### TASK TO CARRY OUT
Print every line from the start of the data, and when you reach the line with "2905 Westhill DR", include it and stop. Pictures are not part of the copy.

### EXERCISE INPUTS
——————————

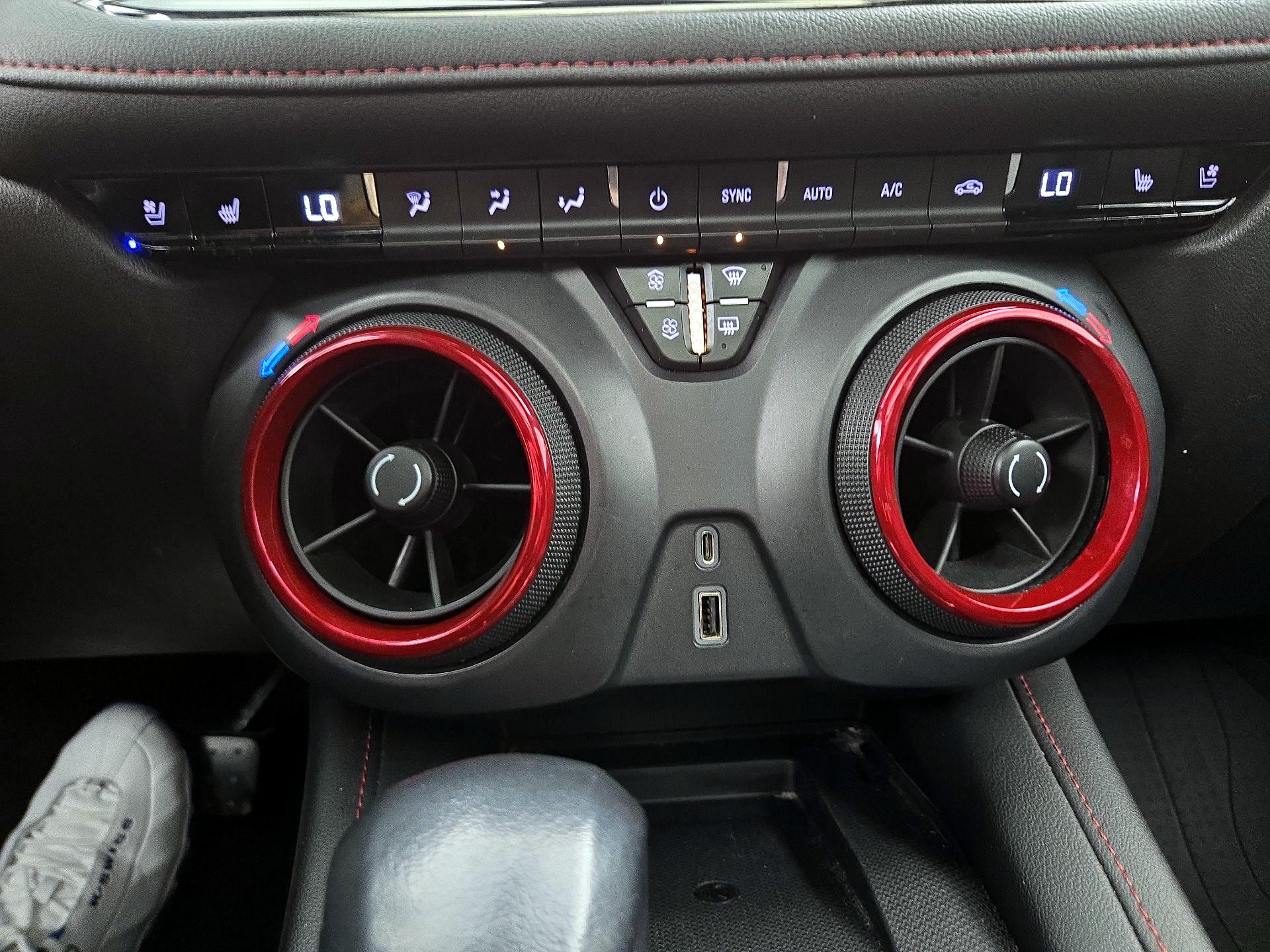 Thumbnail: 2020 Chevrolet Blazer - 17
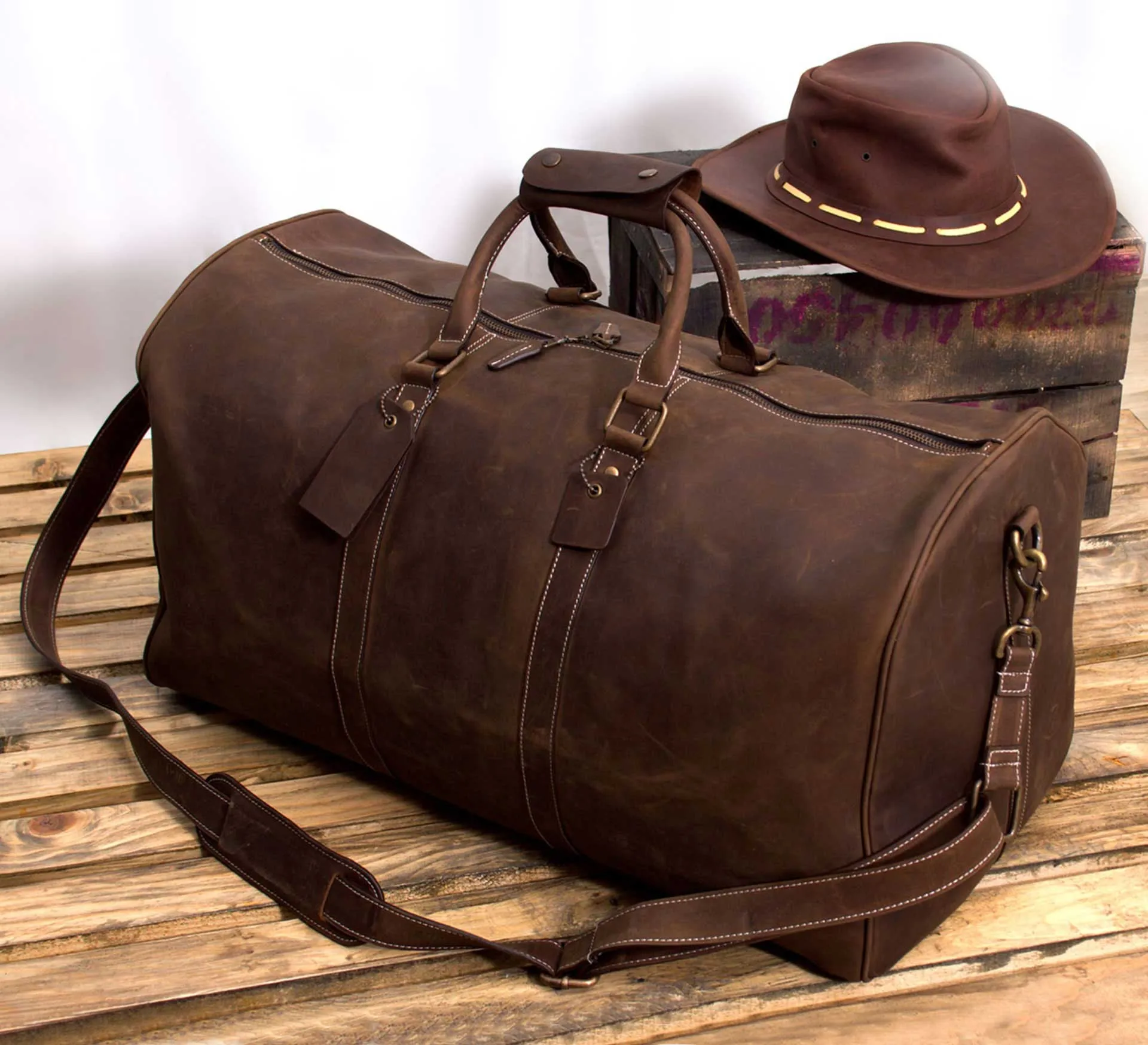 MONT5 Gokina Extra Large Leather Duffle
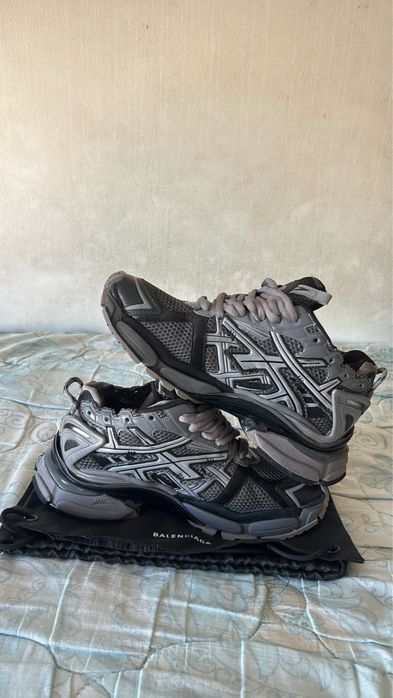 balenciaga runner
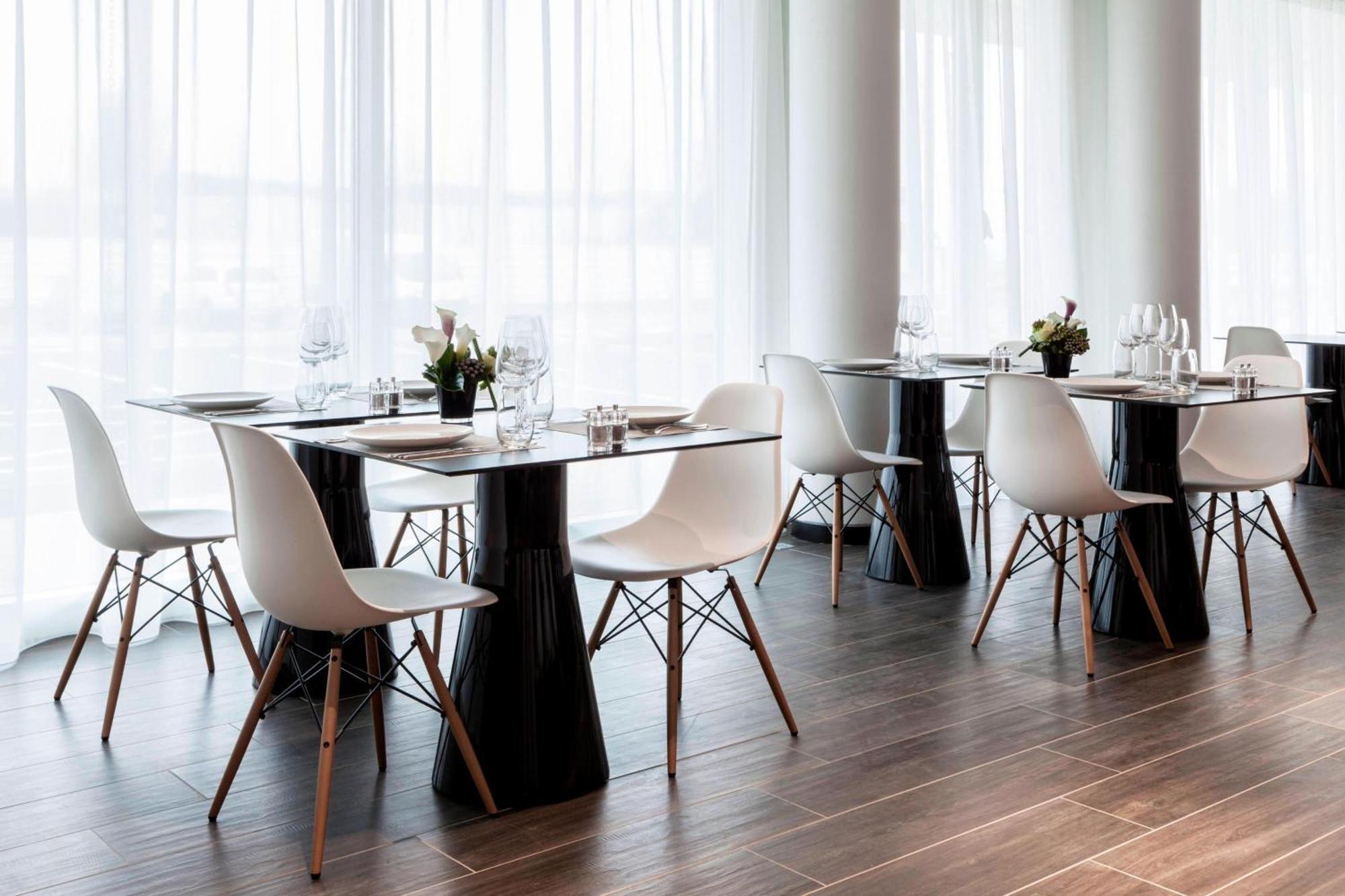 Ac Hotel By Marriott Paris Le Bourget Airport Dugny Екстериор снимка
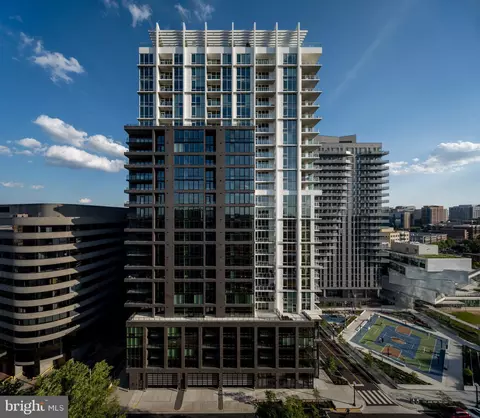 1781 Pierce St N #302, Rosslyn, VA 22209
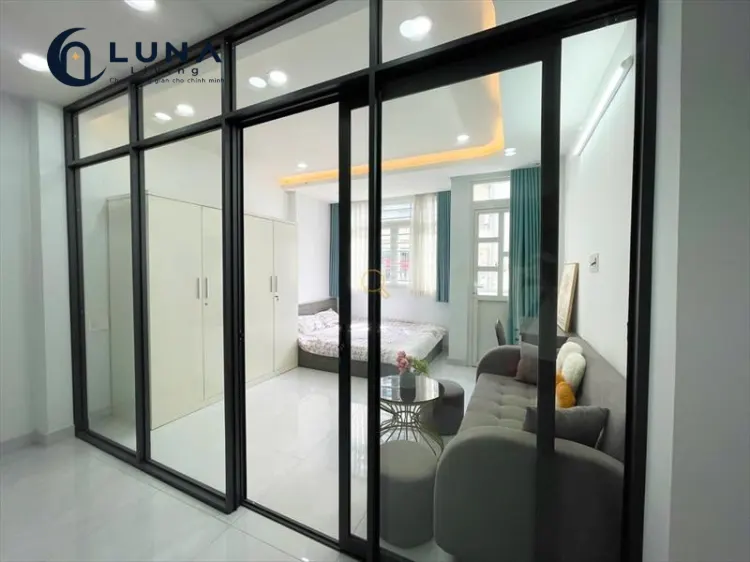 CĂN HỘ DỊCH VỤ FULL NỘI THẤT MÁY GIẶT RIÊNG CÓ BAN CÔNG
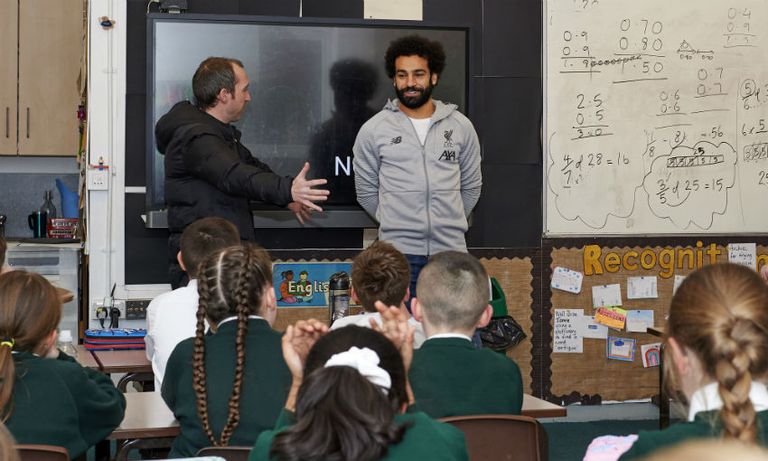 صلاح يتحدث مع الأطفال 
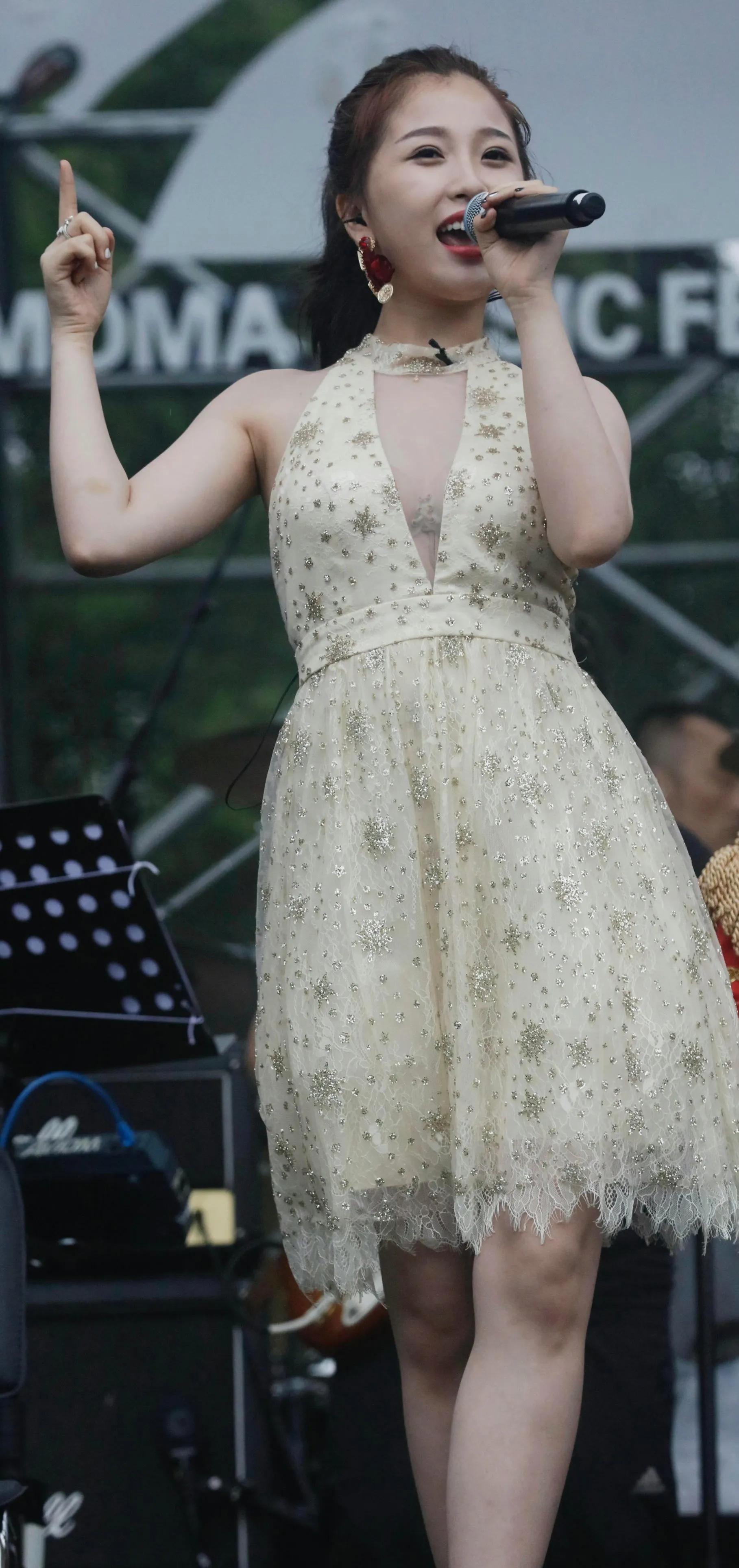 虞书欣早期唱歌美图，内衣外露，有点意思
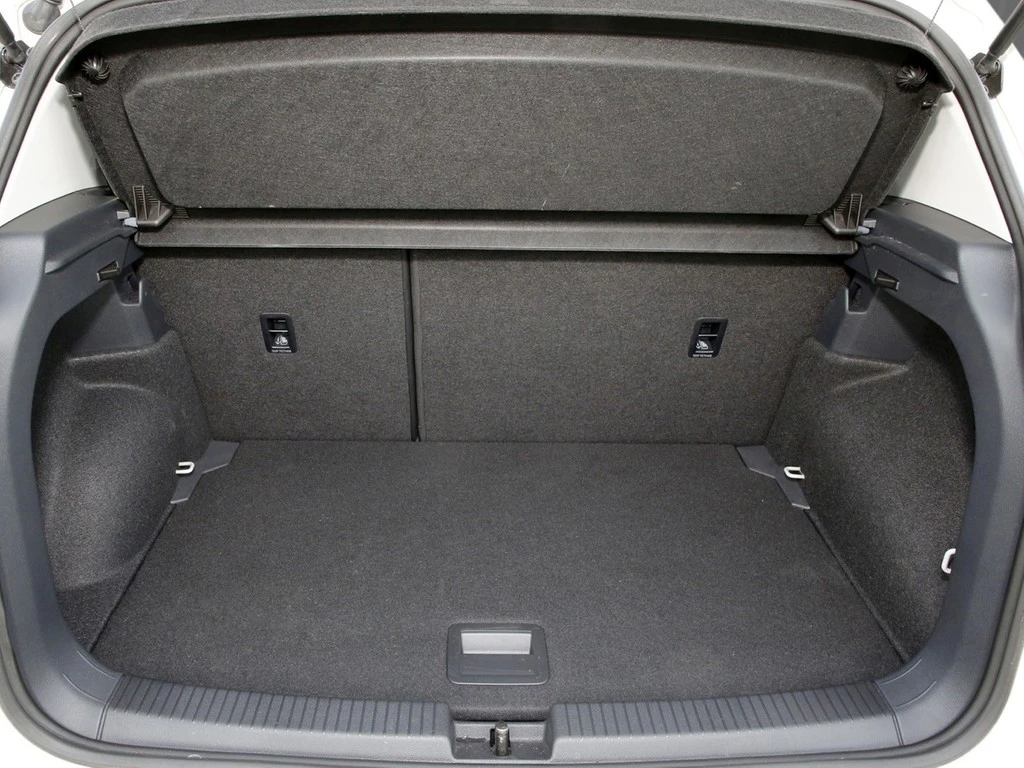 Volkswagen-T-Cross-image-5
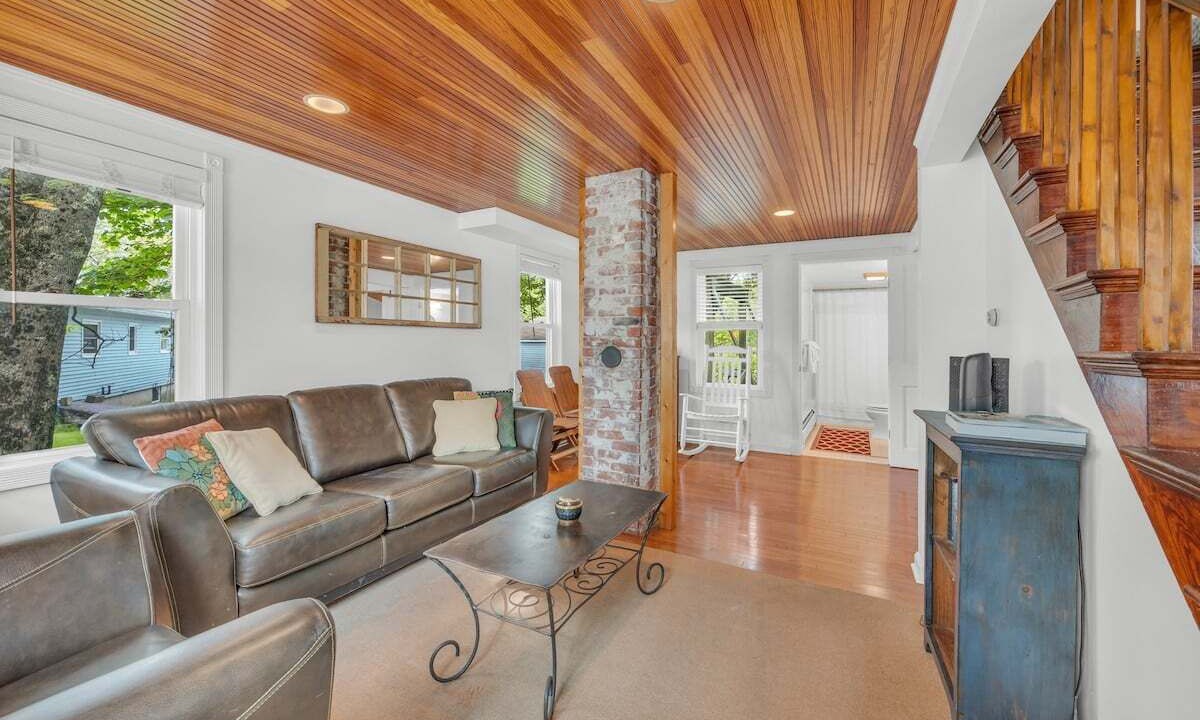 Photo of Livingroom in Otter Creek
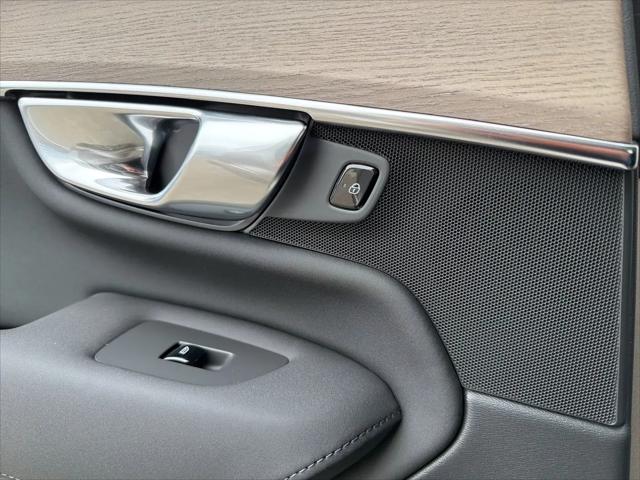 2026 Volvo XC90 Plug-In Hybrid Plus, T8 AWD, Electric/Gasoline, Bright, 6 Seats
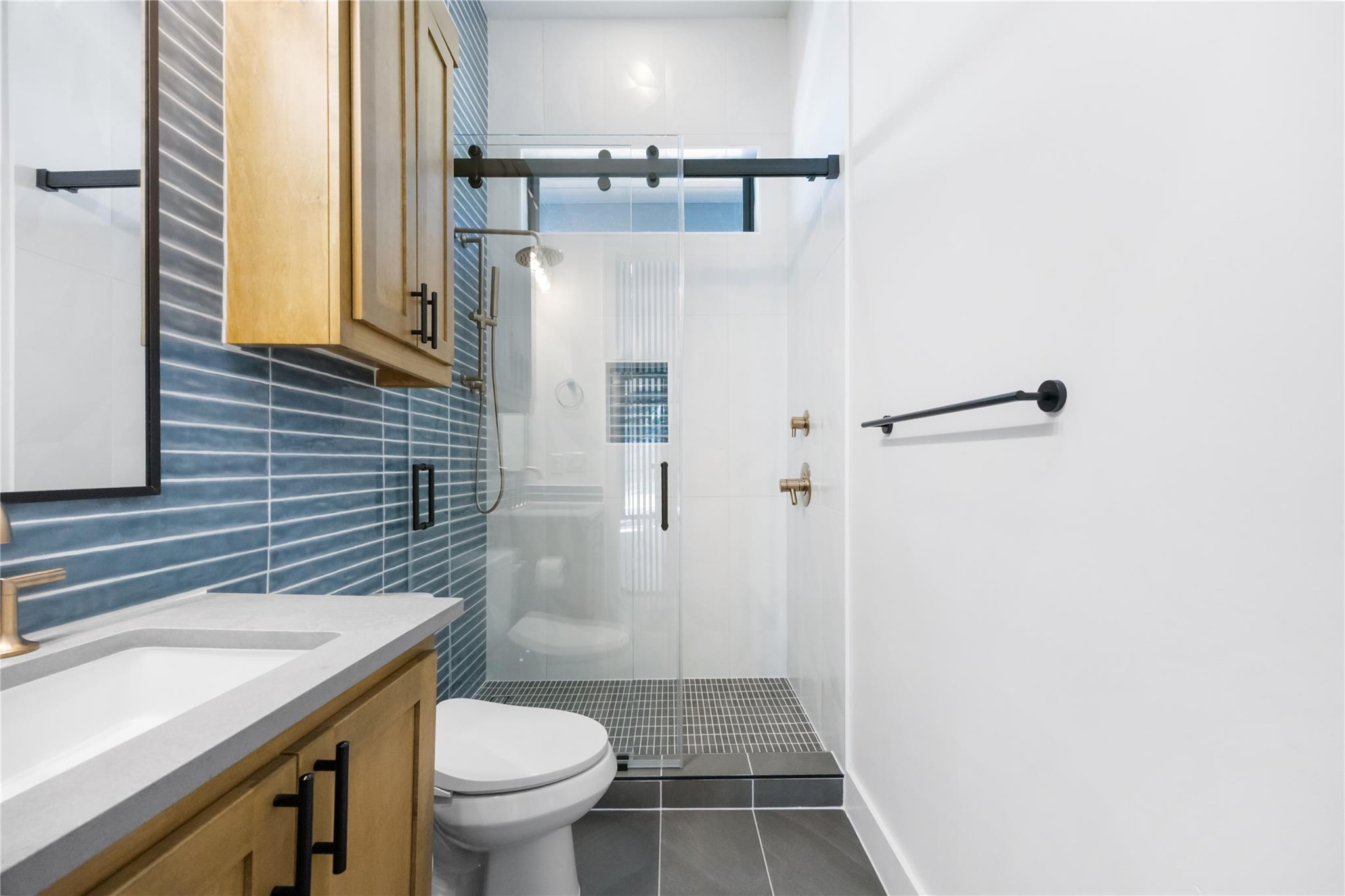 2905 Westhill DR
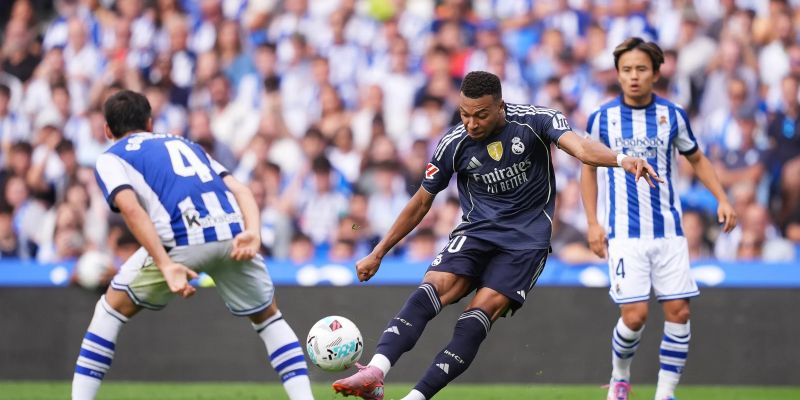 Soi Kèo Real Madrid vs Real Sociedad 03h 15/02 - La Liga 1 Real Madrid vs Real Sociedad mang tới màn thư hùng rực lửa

——————————

### EXERCISE OUTPUT
 Thumbnail: 2020 Chevrolet Blazer - 17
 MONT5 Gokina Extra Large Leather Duffle
 balenciaga runner
 Ac Hotel By Marriott Paris Le Bourget Airport Dugny Екстериор снимка
 1781 Pierce St N #302, Rosslyn, VA 22209
 CĂN HỘ DỊCH VỤ FULL NỘI THẤT MÁY GIẶT RIÊNG CÓ BAN CÔNG
 صلاح يتحدث مع الأطفال 
 虞书欣早期唱歌美图，内衣外露，有点意思
 Volkswagen-T-Cross-image-5
 Photo of Livingroom in Otter Creek
 2026 Volvo XC90 Plug-In Hybrid Plus, T8 AWD, Electric/Gasoline, Bright, 6 Seats
 2905 Westhill DR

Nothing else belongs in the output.